COVID-19: Financial Services Round-Up for 16-22 March 2020


Capital Buffers

The Central Bank of Ireland (“CBI”) announced the reduction of the Countercyclical Capital Buffer, from 1% to 0%. This decision will free up in excess of €1 billion in bank capital.  The Minister for Finance has also decided to defer the introduction of the Systemic Risk Buffer.

See our briefing here.


On 19 March 2020, the CBI published a press release following its meeting with the Banking & Payments Federation Ireland (“BPFI”) and five retail banks (here).

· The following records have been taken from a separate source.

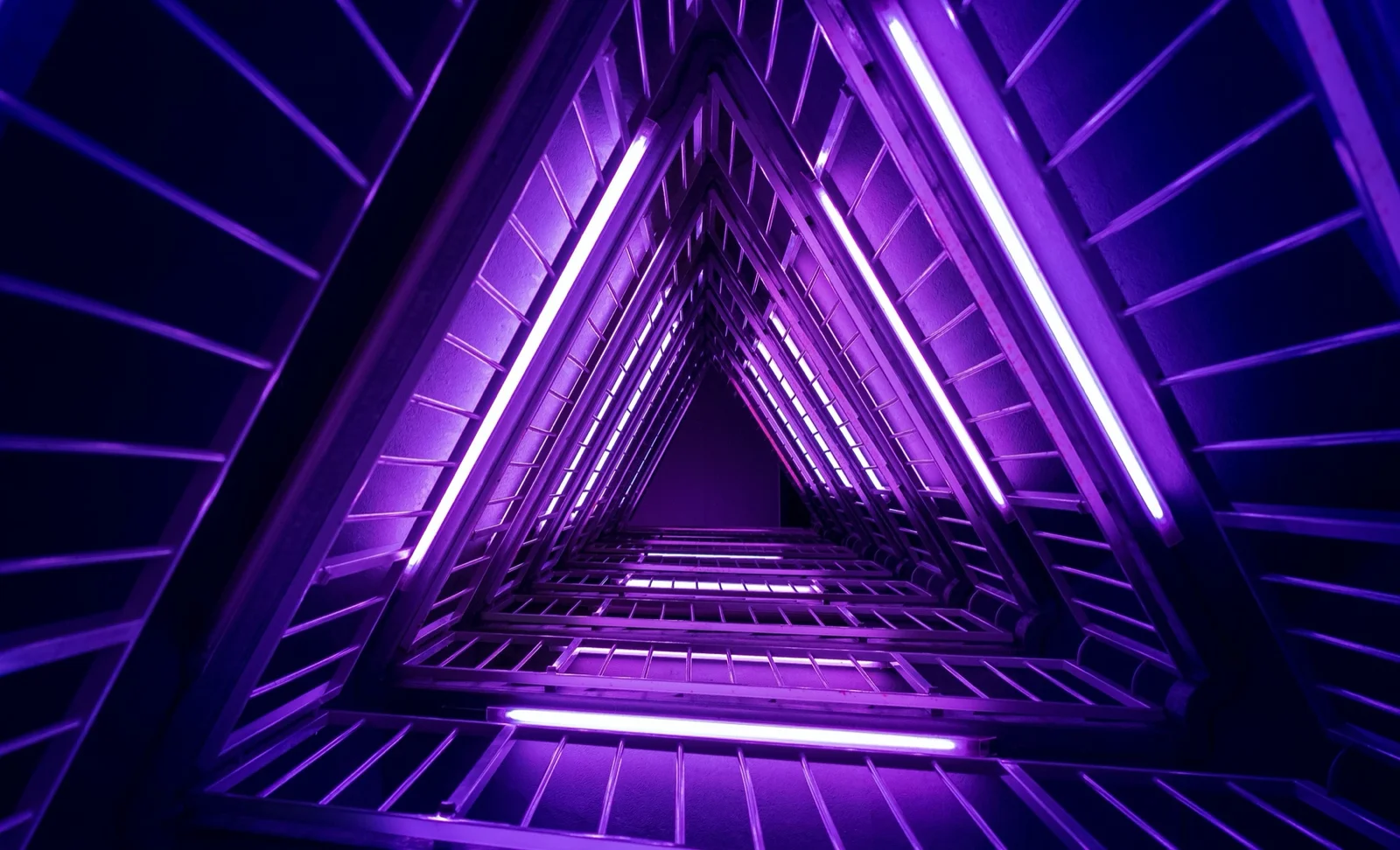 Purple illuminated geometric tunnel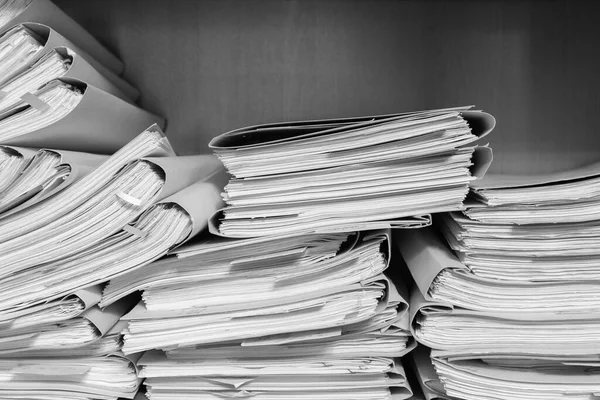 Paper documents stacked in archive. Documents on the shelves of archive room. Office shelves in the closet full of files. black and white photo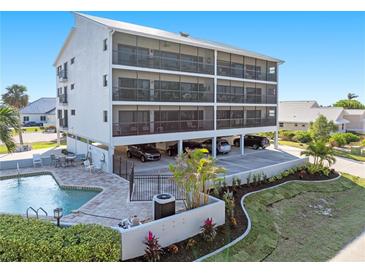 Three-story building with pool and parking, offering waterfront views at 1801 Jamaica Way # 112, Punta Gorda, FL 33950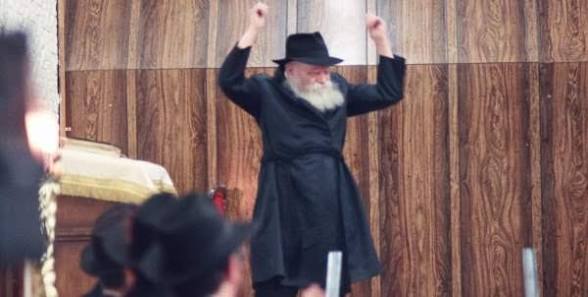The Rebbe encouraging joyful singing at 770 The Lubavitcher Rebbe raising both arms to encourage singing at Chabad headquarters 770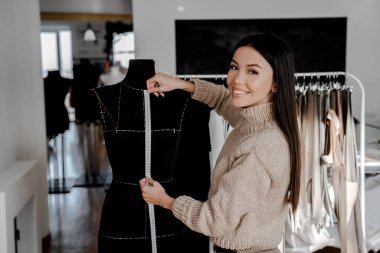 Önlüklü esmer terzi atölyedeki siyah kukla üzerinde güzel kumaş ölçüyor. Kameraya gülümseyen, Asyalı profesyonel terzi ustası. 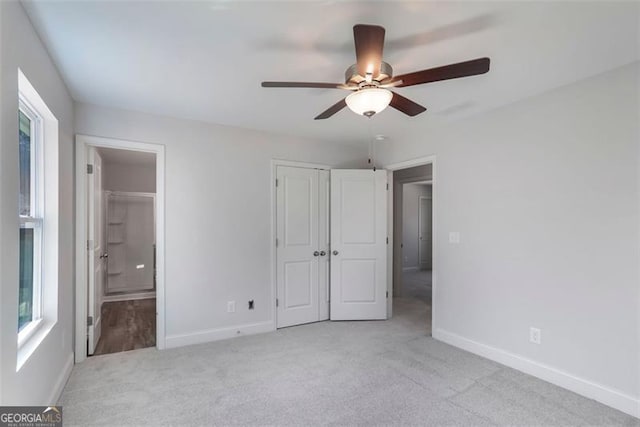 unfurnished bedroom with ceiling fan, baseboards, carpet flooring, and ensuite bathroom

Key items from the press release include the following:

  • The CBI emphasises the provisions of the existing consumer protection framework which is designed to ensure that consumers’ best interests are protected, particularly during financial difficulties.  People experiencing particular vulnerabilities as a result of COVID-19 must be provided with whatever reasonable arrangements and/or assistance may be necessary in dealings with regulated entities.
  • Banks will introduce three-month payment moratoria on mortgages and personal and business loans for some business and personal customers affected by COVID-19.  Ireland’s main credit-servicing firms and non-bank mortgage lenders will also introduce these measures. Related press releases from the BPFI are available here and here.
  • The CBI expects all regulated firms to take a consumer-focused approach and to act in the best interests of their customers.  All existing protections for customers who face actual or potential financial difficulties continue to apply.
  • The CBI and lenders are working to develop practical measures so that the credit record of those who avail of a payment break gets an appropriate recording on the Central Credit Register.
European Securities and Markets Authority (ESMA)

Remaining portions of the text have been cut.